Secondly, art and culture were given a mass democratic and revolutionary form by Joshi. Songs, drama, poetry, literature, theater, and cinema became vehicle of mass consciousness and radicalization. The printed word became mass force. All this created a renaissance on the national scene. Their deep effects can be seen long after freedom. Communists were the first to use these media on such scale with telling impact.

Important figures filled the socio-cultural scene in literature, art, culture, and films, radicalizing generations. CPI, IPTA, PWA, AISF, etc. have inspired progressive movements. Many youths became communists reading Premchand's and Rahul's books and participating in mass culture. Communist Party exercised considerable ideological and cultural hegemony, even though it was relatively small. There is much contemporary lessons.

Culture became an effective means to politicize and awaken the masses. Joshi effortlessly combined political culture of the masses with national aspirations.

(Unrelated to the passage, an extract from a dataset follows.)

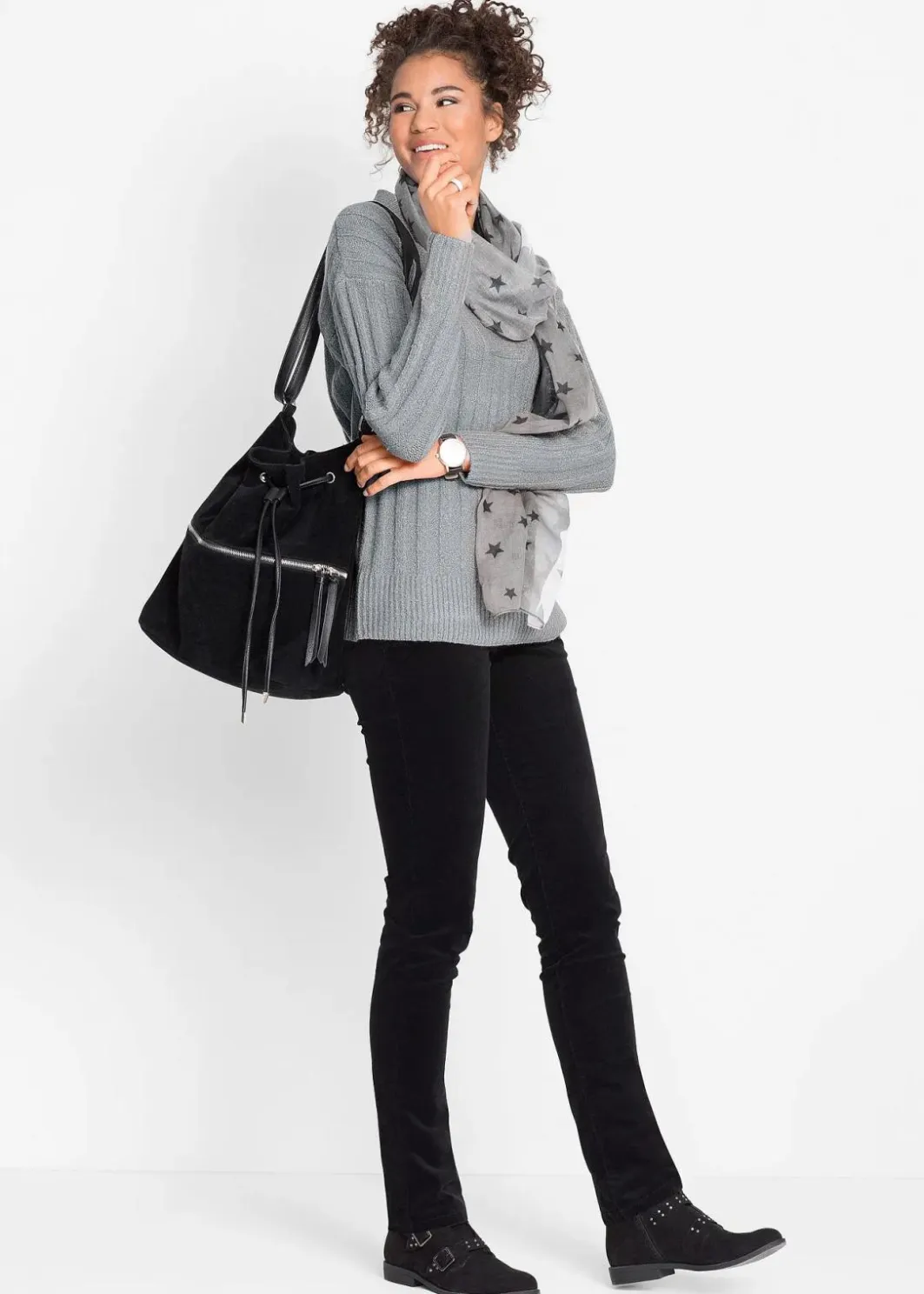 New Stretch-Cordhose, Slim Fit Damen Bekleidung·Kleider|Nachhaltigere Materialien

==First CPI congress, 1943==
The congress was as much a cultural event as it was political. Vast number of non-party people joined the proceedings and waited for results. Joshi's speech was eagerly awaited and heard with rapt attention.

==Multi-faceted struggles==
Joshi was a man of masses and knew when to move and what slogans to give. His work in Bengal famine is unparalleled. IPTA was born of it. His analysis of roots of famine is profoundly scientific Marxist. His correspondence with Mahatma Gandhi convinced the "Father of the Nation" of many views of the communists.

It is often presented as if Joshi was a compromiser, a class collaborationist. This view is a legacy of the B. T. Ranadive period when he was much maligned.

Joshi not only led peaceful mass struggles and the party in various elections including those of 1946; he
also led the party successfully in armed struggles. It was during his leadership that armed struggles like those of Kayyur, Punnapra-Vayalar, RIN revolt, Tebhaga, and Telangana took place. This is sought to be underplayed. It was he who gave the green signal for the Telangana armed struggle in 1946, as part of anti-Nizam struggle and not as part of socialist revolution in India. The two are different.

During his stewardship, several communists were sent to the legislatures, even though voting was highly restricted.

==Expulsion and rehabilitation==
In the post-freedom period, the Communist Party of India, after the second congress in Calcutta (new spelling: Kolkata) adopted a path of taking up arms. Joshi was advocating unity with Indian National Congress under the leadership of Jawaharlal Nehru. He was severely criticized in the Calcutta congress of the CPI in 1948 and was removed from the general secretaryship. Subsequently, he was suspended from the Party on 27 January 1949, expelled in December 1949 and readmitted to the Party on 1 June 1951. Gradually he was sidelined, though rehabilitated through making him the editor of the Party weekly, New Age. After the Communist Party of India split, he was with the CPI. Though he explained the policy of the CPI in the 7th congress in 1964, he was never brought in the leadership directly.

==Last days==
In his last days, he kept himself busy in research and publication works in Jawaharlal Nehru University to establish an archive on the Indian communist movement.

==Personal life==
In 1943, he married Kalpana Datta (1913–1995), a revolutionary, who participated in the Chittagong armoury raid. They had two sons, Chand and Suraj. Chand Joshi (1946-2000) was a noted journalist, who worked for the Hindustan Times. He was also known for his work, Bhindranwale: Myth and Reality (1985). Chand's second wife Manini (née Chatterjee, b 1961) is also a journalist, who works for The Telegraph. Manini Chatterjee penned a book on the Chittagong armoury raid, titled, Do and Die: The Chittagong Uprising 1930-34 (1999).